50. Goodwill can be assigned to more than one partner at the date the partnership is formed.

51. The ability of partners to withdraw resources from the partnership is controlled
exclusively by the laws of the state where the partnership resides.
52. The articles of partnership often control the size of withdrawals partners are allowed to
make.

53. If a partnership makes a payment on behalf of a partner, a withdrawal has occurred.

54. Partnerships are required to indicate the manner in which profits and losses are to be
allocated among the partners.

55. With the exception of the residual profit and loss ratio, partners can agree to apply profit
and loss allocation components in any order.

56. The interest component of partnership profit and loss allocation rewards the partner for
labor and expertise brought into the partnership.

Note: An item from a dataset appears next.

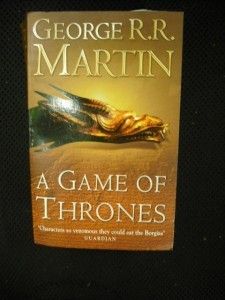 George R R Martin A Game of Thrones British PB Signed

57. The purpose of the interest on capital balances component of partnership profit and loss
allocation is to reward partners for contributing economic resources to the partnership.

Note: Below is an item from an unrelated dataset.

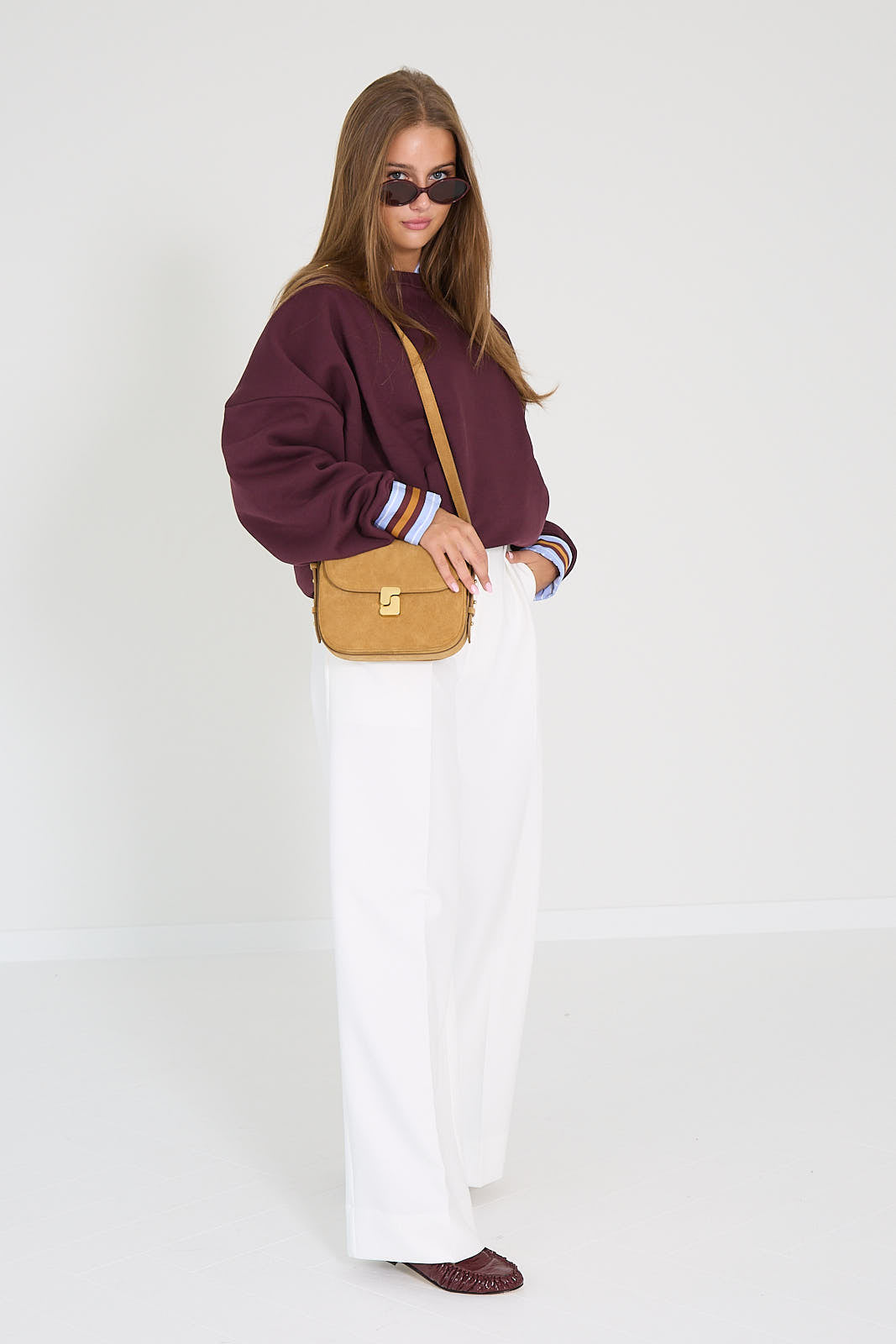 Rae broek Tokyo white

58. The interest on capital balances component of partnership profit and loss allocation is
always based on each partner’s beginning or period capital balance.

59. The interest on capital balances component of partnership profit and loss allocation is
generally stated as a percentage of the capital balance.

60. The salary portion of the profit and loss allocation is set in the articles of partnership and
will not change over time.
61. The salary portion of the partnership profit and loss allocation is not included in the
partnership’s income statement.

62. The salary portion of the partnership profit and loss allocation is used to compensate
partners for the time and effort expected in the business.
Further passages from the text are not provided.